The woman jumped out at her, and Fallon reacted the way that any warrior would. It wasn’t her fault. It wasn’t.

Outside of her bedroom window, Fallon watched the sun creep toward the horizon. Devi was probably somewhere in the house, likely upstairs in her own wing. The condo had been built with a mother-in-law suite. Fallon had just chosen to repurpose it as a comrade-at-arms suite. If Devi had approached her during her cleaning frenzy, Fallon had been too distracted to notice her. Did Devi know? It was another series of questioning that Fallon did not want to endure.

Her cellphone sat on the desk beside her. Fallon dropped her eyes to it. Loneliness was the path of the warrior; the only lover could be the love of victory. That night, Fallon could not handle the weight of her own thoughts. She picked up her phone and quickly texted Eilian. It was vague, curt, just a request that she come over. Fallon was not big on texting at all. Eilian would know that something was up by that fact alone.

Slipping free of the robe, Fallon stood naked in front of the full-length mirror beside her dresser. Scars and bruises stained her dark skin, all at various stages of healing. Her body was a battlefield that told the story of her secret life. Fallon stared at herself, remembering the moment when her mother had accidentally seen the same damage. It was the night when Iva was lost to her, the night when she told her mother the truth about who she was and was rejected for it. It confirmed every fear Fallon had ever had. She hoped to be loved unconditionally; instead, she was met with fear and rejection.

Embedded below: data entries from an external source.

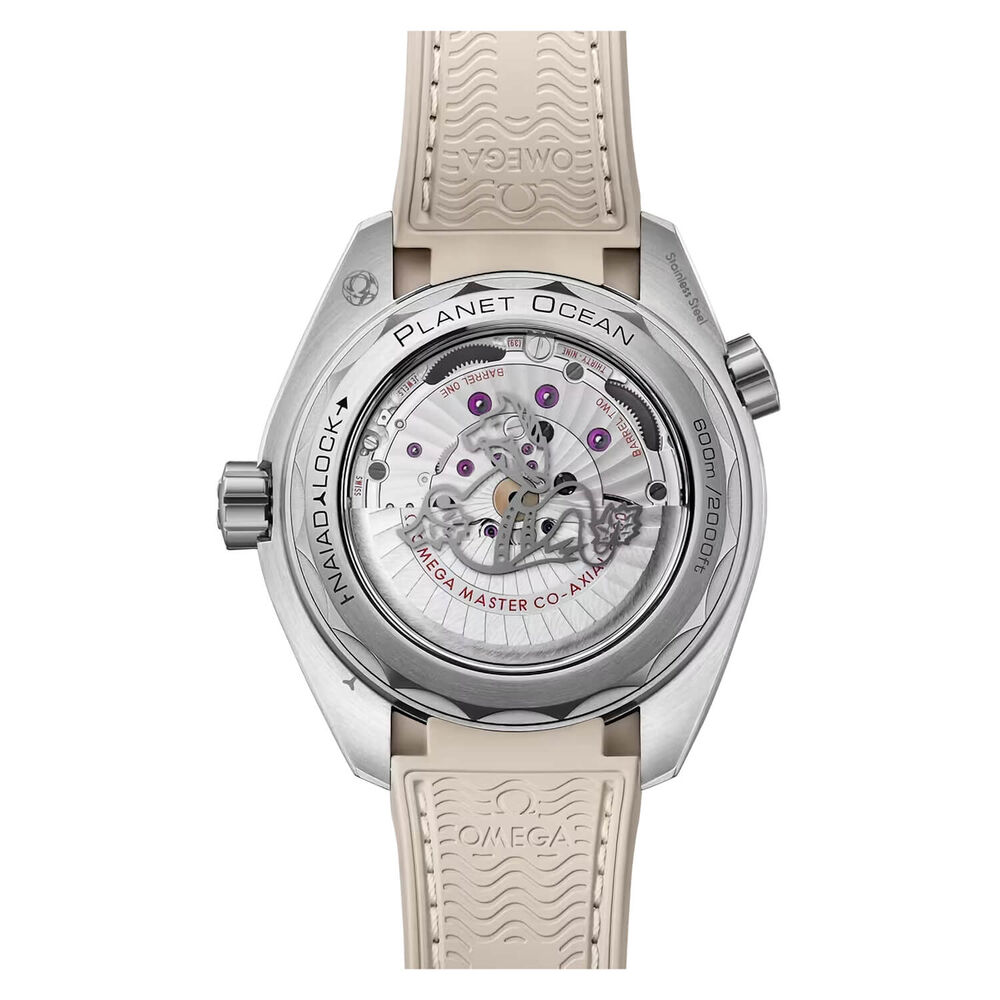 OMEGA Seamaster Planet Ocean 600M 43.5mm Beige Dial Rubber Strap Watch image number 1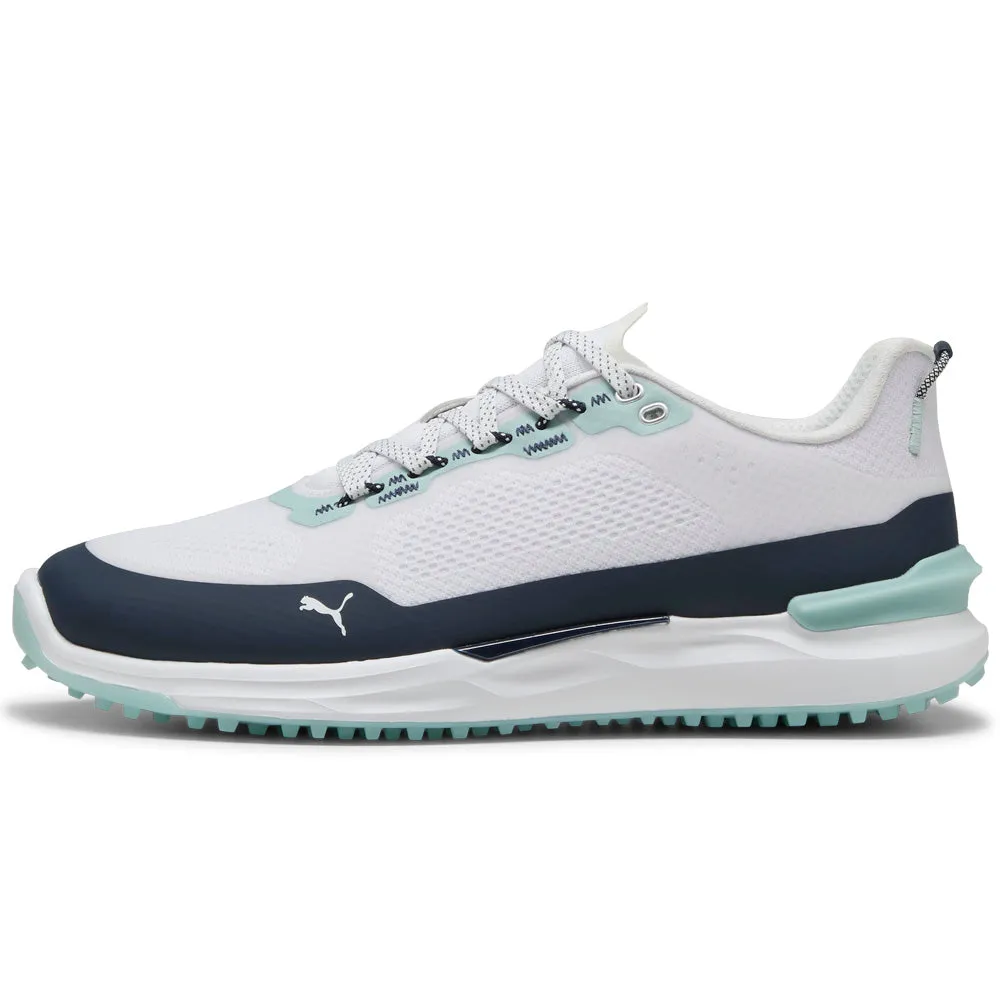 Designed to Dominate Father's Day Sale Puma Ignite Elevate X Spikeless Waterproof Shoes - White/Deep Navy/Modern Mint
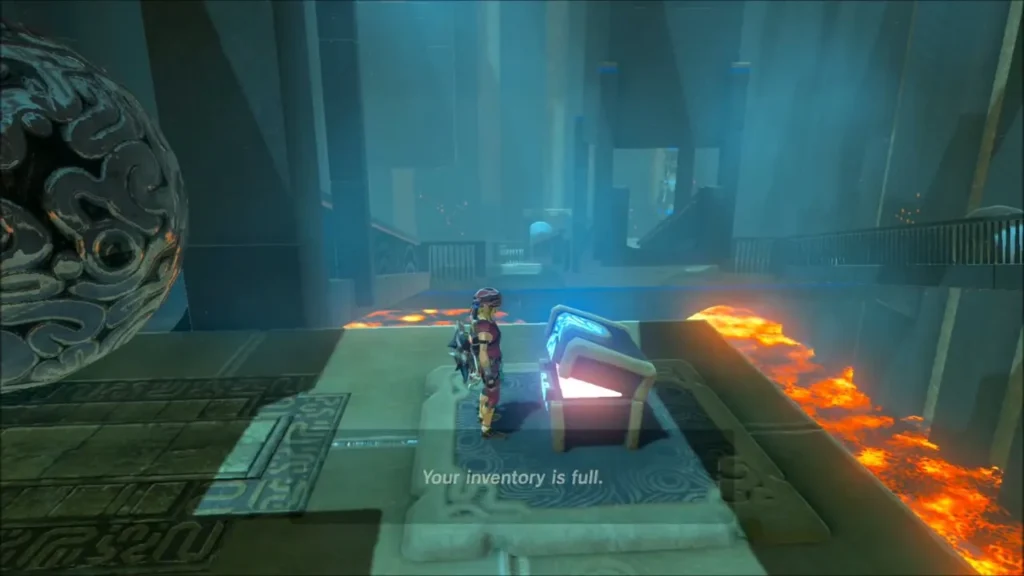 Link beside an opened glowing chest on a ledge above lava with a boulder behind him Link beside an opened glowing chest on a ledge above lava with a boulder behind him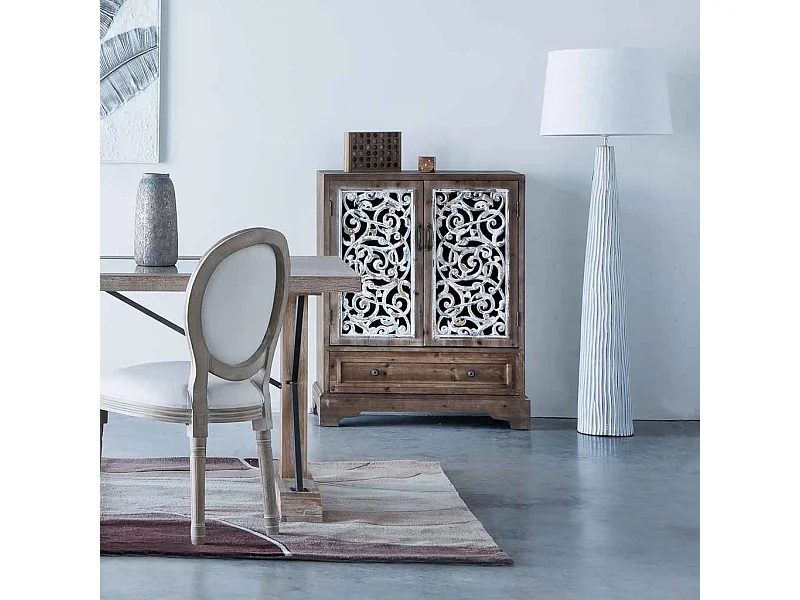 Armoire en bois et métal marron 83x38x102h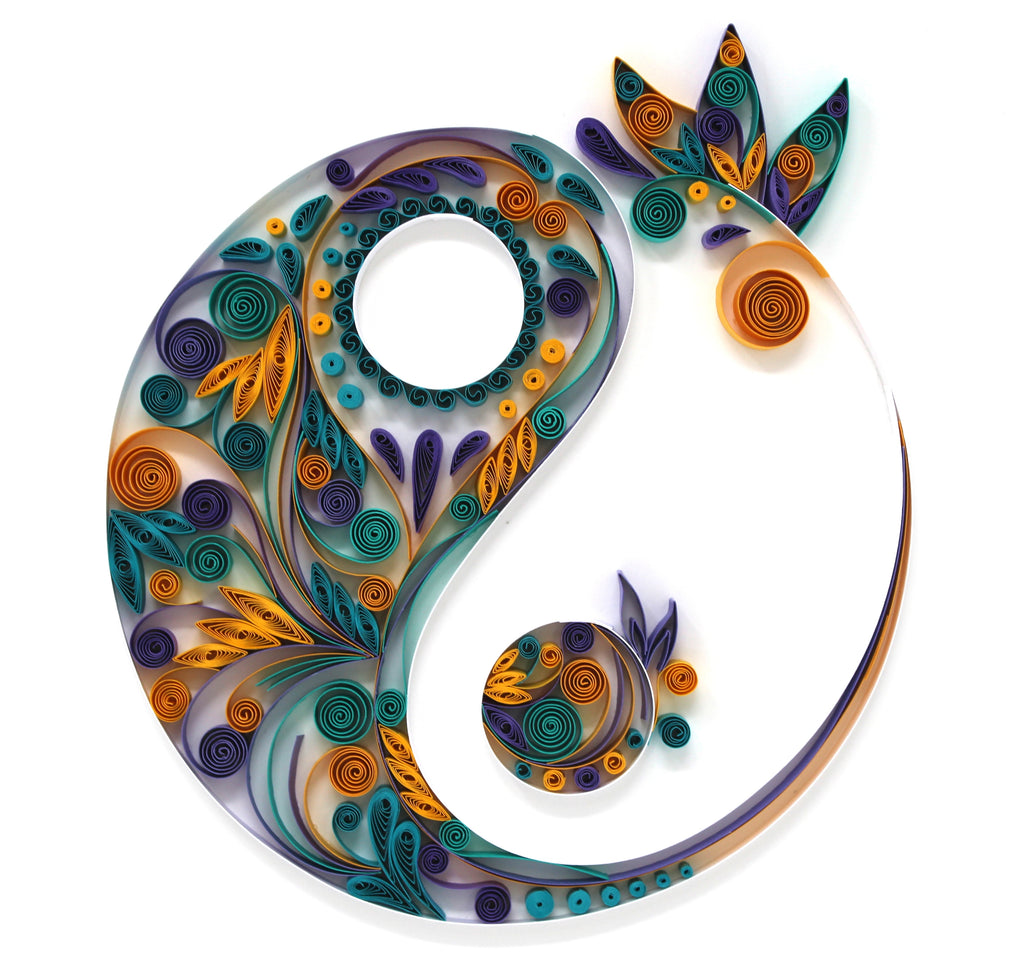 Yin Yang Quilled Paper Art, Handmade paper quilling artwork made in California, USA. Sustainable and eco-friendly art work created by an artist in the bay area.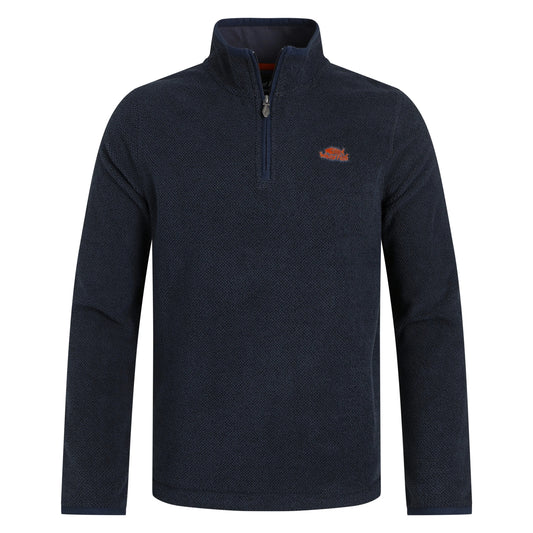 Weird Fish Mens Errill Quarter Zip Textured Fleece Midnight Navy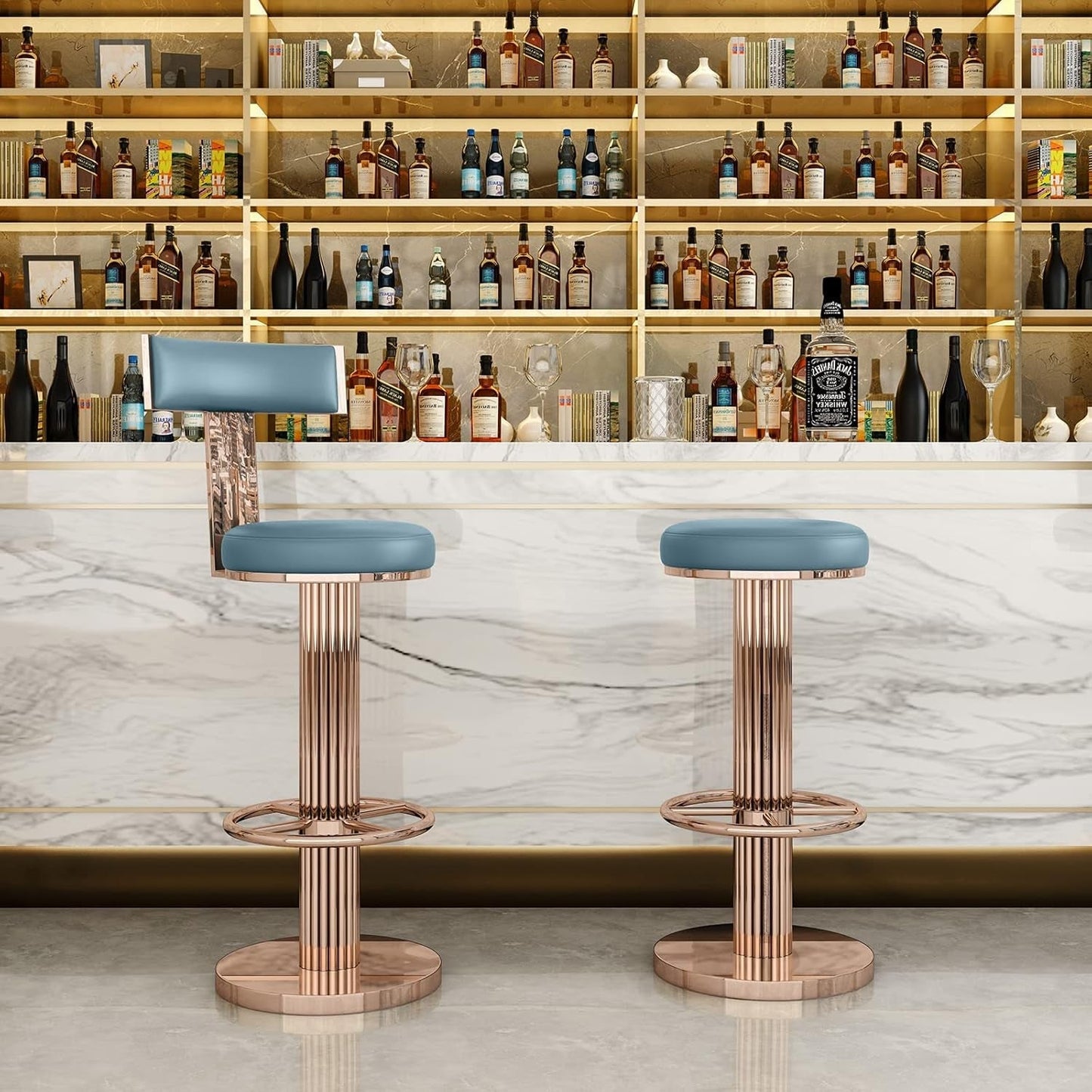 Swivel Bar Stools with Backrest, Modern Adjustable Height Counter Stool with Stainless Steel Legs and Comfortable Cushion, Rose Bar Chairs for Kitchen Island Counter (Blue)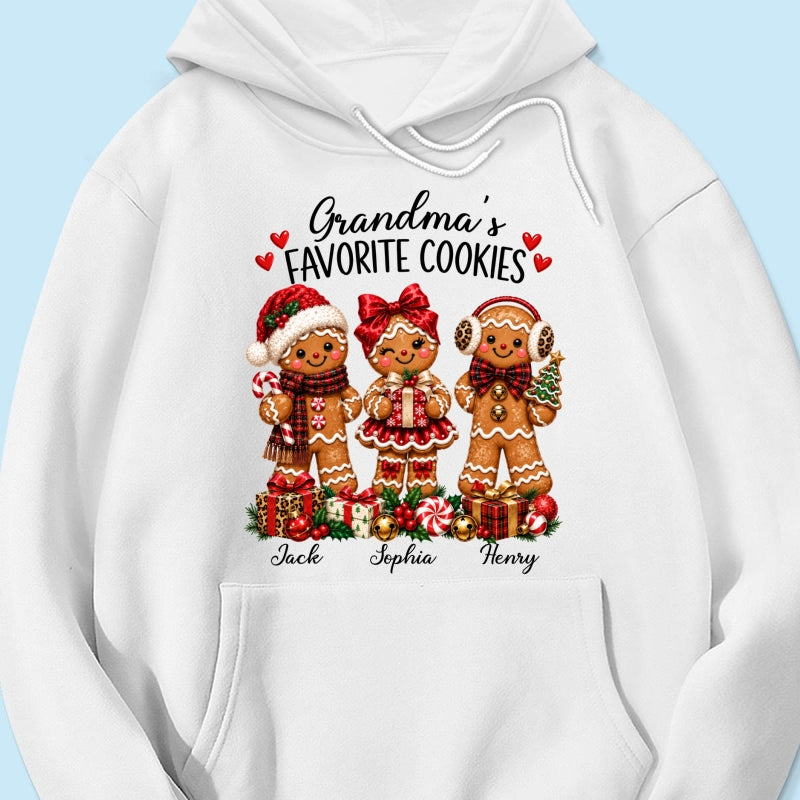 Grandma's Favorite Cookies Gingerbread - Personalized Shirt - Thoughtful Christmas Gift for Grandma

Fallon didn’t have a mother now, or a father. She had no civilian ties that mattered to her. At some point, she had stopped being Fallon Iva Novette-Naim and had merely become Ares: the Ares that wears a fuku and the one that doesn’t. For the first time, Fallon stared at herself and did not see a girl raised in France who rode horses and loved cross-stitching. She didn’t see the girl who loved ballroom dancing and wanted to open her own restaurant. She didn’t see a person who loved to throw parties and entertain friends. Whoever that person was, it was not who stood before the mirror now.

When Fallon looked in the mirror now, all she saw was Ares reflecting back.